#### Task to complete:
Repeat the lines of the data exactly and exclude any picture among them.

#### Data to examine:
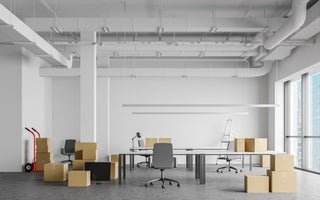 Office Move Checklist For Data Security
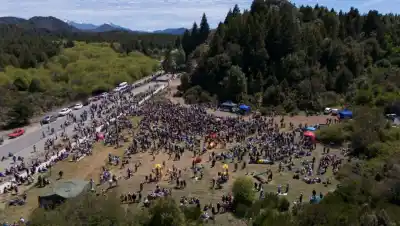 Bariloche cambia la fecha de la peregrinación a la Virgen de las Nieves: la nueva cita es el 25 de octubre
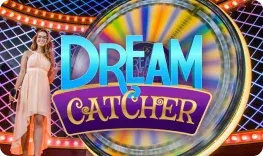 Kingmaker Casino offre il gioco online Dream Catcher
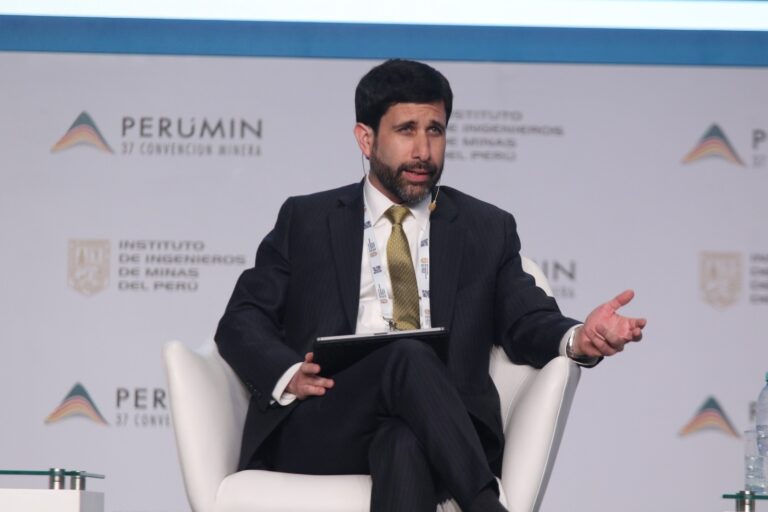 Las Bambas: “El verdadero éxito no es evitar conflictos, sino gestionarlos”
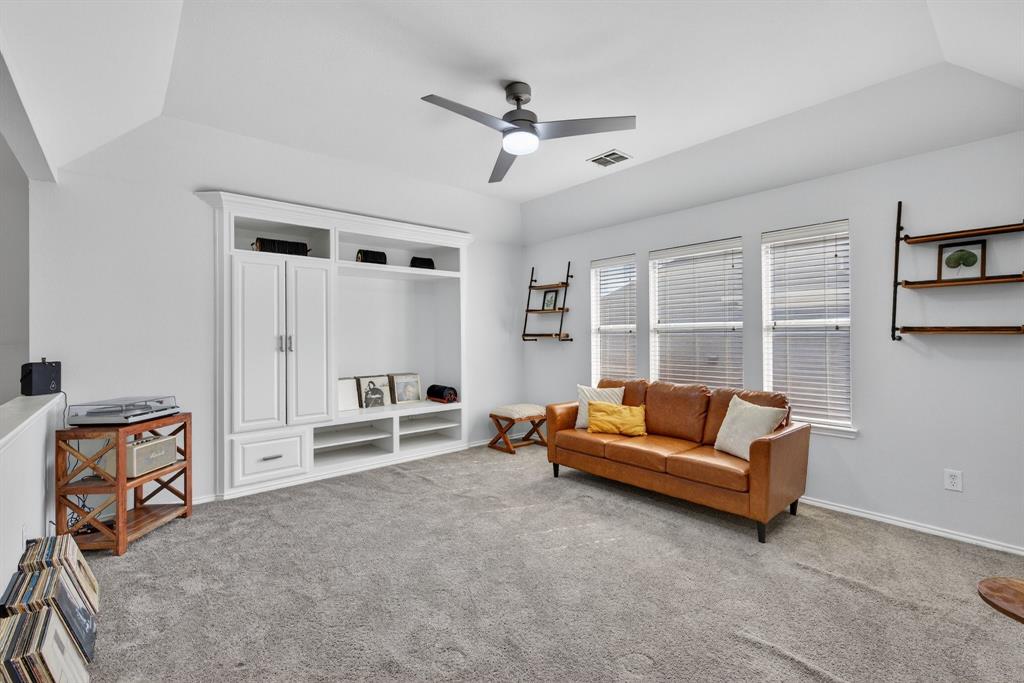 Summer Creek Ranch Add - Residential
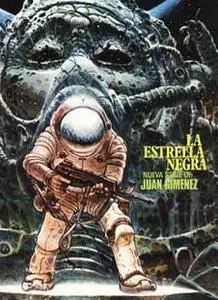 La Estrella Negra, Juan Giménez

#### Answer below:
 Office Move Checklist For Data Security
 Bariloche cambia la fecha de la peregrinación a la Virgen de las Nieves: la nueva cita es el 25 de octubre
 Kingmaker Casino offre il gioco online Dream Catcher
 Las Bambas: “El verdadero éxito no es evitar conflictos, sino gestionarlos”
 Summer Creek Ranch Add - Residential
 La Estrella Negra, Juan Giménez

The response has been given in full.